## Provided records
○ ○ ○ ○ ○

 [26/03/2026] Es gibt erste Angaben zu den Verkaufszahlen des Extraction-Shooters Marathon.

○ ○ ○ ○ ○

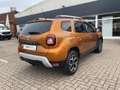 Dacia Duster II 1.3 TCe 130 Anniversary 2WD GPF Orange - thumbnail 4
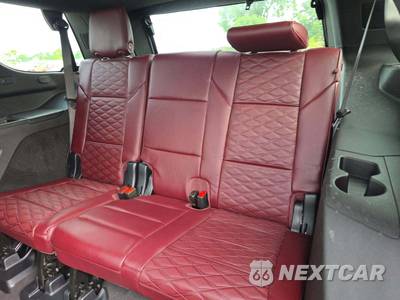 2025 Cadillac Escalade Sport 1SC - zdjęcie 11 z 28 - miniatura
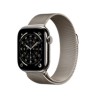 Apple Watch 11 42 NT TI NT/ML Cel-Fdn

○ ○ ○ ○ ○

## Problem to work on
In the records above, everything from the line with "Dacia Duster II" down to the line with "Apple Watch 11 42 NT TI NT/ML Cel-Fdn" is to be set down exactly, both ends included, with no pictures and no other lines.

## Worked solution
 Dacia Duster II 1.3 TCe 130 Anniversary 2WD GPF Orange - thumbnail 4
 2025 Cadillac Escalade Sport 1SC - zdjęcie 11 z 28 - miniatura
 Apple Watch 11 42 NT TI NT/ML Cel-Fdn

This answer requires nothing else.